On the 50th Anniversary of the Moon Landing, the Best Resources, Books for Young Readers

Many titles have been published this year to commemorate the 50th anniversary of the Apollo 11 moon landing. This curated list provides digital resources and books recommended for elementary and middle grade readers.

Image from Moonshot by Brian Floca. © 2019 Brian Floca.
Reprinted with permission of Simon & Schuster, Inc. All rights reserved.

On July 20, 2019, it’ll be 50 years since Neil Armstrong and Buzz Aldrin first stepped onto the moon and into history. And if there is one anniversary you’re not likely to forget, it’s this one. Celebrations of the moon landing have been everywhere this year, and for good reason. Just take a moment and think about what NASA and approximately 400,000 engineers, technicians, scientists, mathematicians, contractors, public servants, and factory workers were able to do—send three men 240,000 miles away to land on a place that doesn’t support human life, and return them home safely. It is astonishing. And it makes for a very worthy topic for books.

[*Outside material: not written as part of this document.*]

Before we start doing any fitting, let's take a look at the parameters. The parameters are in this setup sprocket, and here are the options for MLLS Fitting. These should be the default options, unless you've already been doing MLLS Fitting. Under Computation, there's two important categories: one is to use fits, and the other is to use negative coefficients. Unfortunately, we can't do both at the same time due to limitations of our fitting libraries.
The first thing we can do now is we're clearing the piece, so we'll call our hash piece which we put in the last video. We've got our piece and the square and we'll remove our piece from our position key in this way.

In fact, so many titles have come out to commemorate the moon landing that it is easy to get overwhelmed. The following books offer a unique perspective, subject, or artistic style, providing all types of readers with something to foster a sense of wonder.


Young Readers

DEMPSEY, Kristy. Papa Put a Man on the Moon. illus. by Sarah Green. 32p. Dial. May 2019. Tr $17.99. ISBN 9780735230743.
PreS-Gr 3–Marthanne’s father is helping make the moonwalk possible. He is humble, just glad to have his job, so Marthanne gets to be proud enough for both of them. Inspired by the author’s family members who worked in a textile mill that produced fabric for the Apollo 11 space suits, this fictional tale pays tribute to the lesser-known people who contributed to the mission.

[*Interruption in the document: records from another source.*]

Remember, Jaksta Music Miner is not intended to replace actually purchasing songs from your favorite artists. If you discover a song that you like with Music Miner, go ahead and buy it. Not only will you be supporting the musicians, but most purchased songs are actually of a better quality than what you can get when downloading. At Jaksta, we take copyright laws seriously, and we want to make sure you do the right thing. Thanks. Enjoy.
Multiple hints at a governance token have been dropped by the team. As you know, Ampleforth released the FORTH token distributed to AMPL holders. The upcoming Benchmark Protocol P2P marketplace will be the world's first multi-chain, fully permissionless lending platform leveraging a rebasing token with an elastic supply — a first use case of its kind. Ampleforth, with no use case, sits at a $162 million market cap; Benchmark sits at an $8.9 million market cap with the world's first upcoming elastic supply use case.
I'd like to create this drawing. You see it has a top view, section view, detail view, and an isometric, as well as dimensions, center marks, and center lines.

GIBBONS, Gail. The Moon Book. illus. by author. 32p. Holiday House. May 2019. Tr $18.99. ISBN 9780823443246.
K-Gr 2–This newly revised edition of Gibbons’s classic title presents introductory facts and trivia about the moon and discusses its important role in various mythologies. The simple but accurate illustrations help to clearly explain the theory of the moon’s formation, lunar and solar eclipses, the phases of the moon, and the history of scientific exploration of the moon for young audiences.

GREENE, Rhonda Gowler. The First Men Who Went to the Moon. illus. by Scott Brundage. 32p. Sleeping Bear. Mar. 2019. Tr $16.99. ISBN 9781585364121.
K-Gr 2–A highly structured ­cumulative verse account of the journey to the moon and back with the men of Apollo 11. Brundage’s artwork is both naturalistic and epic, and the dynamic images pair well with Greene’s poetry, while the side notes in the first half of the book provide additional nonfiction context for the words and images.

LAPIN, Joyce. If You Had Your Birthday Party on the Moon. illus. by Simona Ceccarelli. 40p. Sterling. Apr. 2019. Tr $16.95. ISBN 9781454929703.
K-Gr 3–A birthday party is used as a fun framework to deliver a lot of moon trivia. A diverse group of children ride in a rocket, play games in the moon’s low gravity, and try to find items the astronauts left behind, while the text offers fun facts like why in space the sky looks black instead of blue and why helium balloons wouldn’t float on the moon.

ROBBINS, Dean. The Astronaut Who Painted the Moon: The True Story of Alan Bean. illus. by Sean Rubin. 40p. Orchard. May 2019. Tr $17.99. ISBN 9781338259537.
K-Gr 3–A story of Apollo 12 astronaut Alan Bean, the fourth person to walk on the moon and the only one who was a trained artist as well as a pilot. Upon returning to Earth, Bean found that the photographs taken on the mission didn’t capture how the experience made him feel, so he started painting to help others understand what it was like.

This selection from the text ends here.